I am going to row down to the East end of the Lake and then look for creeks/streams to explore on the way back.
Where Still Creek enters Burnaby Lake. It is hard to tell that you are in the middle of an urban area, as , from the water all you really see are the trees surrounding the lake. Note the Beaver mound on the right of the picture above the oar. This was the first of the twenty or so that I saw.
About Three-quarters of the way to Cariboo Dam, looking South-West towards Metrotown. All in all, the Lake still has a wilderness feeling. You just have to pretend that the Highway noise is merely the wind whispering through the trees. At this point, the lake begins to narrow to the Still Creek exit.
I am coming up to where Skid Creek enters the Lake.
Looking North-East towards where Still Creek exits Burnaby Lake an to Cariboo Dam.
The Eastern end of Burnaby Lake where Still Creek flows on to Cariboo Dam and then into the Fraser. None of the City is visible from here. Next stop Cariboo Dam.

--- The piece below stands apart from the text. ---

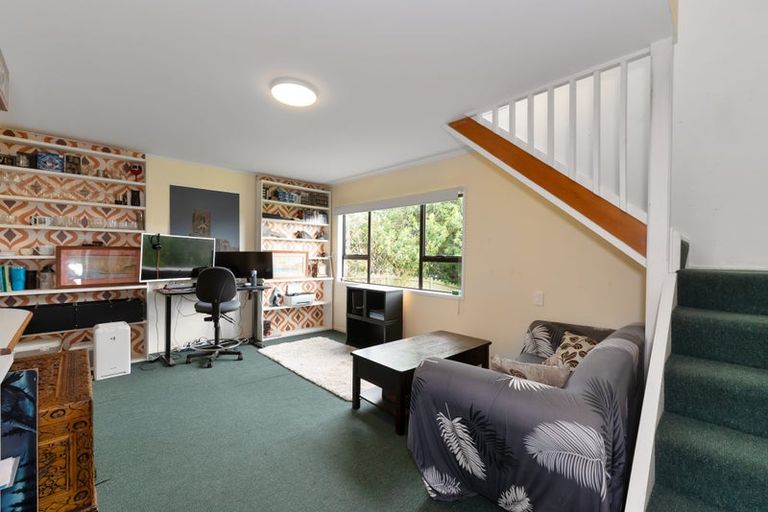 Photo of property in 80 Highland Park Drive, Highland Park, Auckland, 2010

Cariboo Dam, as far East as you can go.
The current was not too strong at this point. My GPS read just under a knot.
The dam itself. I did proceed past the warning sign to take this picture. I now turn back, rowing west up Still Creek, Looking for Buena Vista Creek. It will be the first creek to the South.
This is the North-West View with Gwragedd Annwn backed into Buena Vista Creek. The mouth of the creek looks passably wide, but it narrows and shallows quickly. The channel here is not an oar span wide. I pop the oars out of the locks and pole Gwragedd Annwn up the creek.
The view looking South East up the Creek. At this point the creek is less than 10″ deep and the channel is narrowing. As you can see, it is over grown and there are logs fallen across it. I am only thirty feet of so up the creek and my progress is stopped. Perhaps a canoe or a kayak could make it a little further. I cannot step out of Gwragedd Annwn and pull her up the channel because the bottom is too mucky – it is loose peaty mud that grounds the boat but will not support my weight.
The view of the North Shore of Burnaby Lake. The streams that enter are not visible and the lake is too shallow to find where the creeks enter. Once you get out of the rowing channel, the lake is not much more that a foot deep. Skirting the shoreline, every now and then I find that I am stopped, having slowly run aground on the boggy bottom.
I cannot find where Deer Lake Brook enters the Lake. The north-West corner is too shallow to row in. I search for but cannot find the channel. I give up and row past the pavilion and into Still Creek.
My FJ in the parking lot, photo taken as I row up Still Creek.
The trail bridge over Still Creek. I have to take my bow flag down, fold down the rowing mirrors and ship oars to pass under the bridge.
I row on, up Still Creek. I spot a Red-eared slider turtle sunning himself/herself on the North bank. Unfortunately, the turtle goes into the creek before I can get a photograph.
I row under the Sperling Avenue foot bridge and spot the first barrier.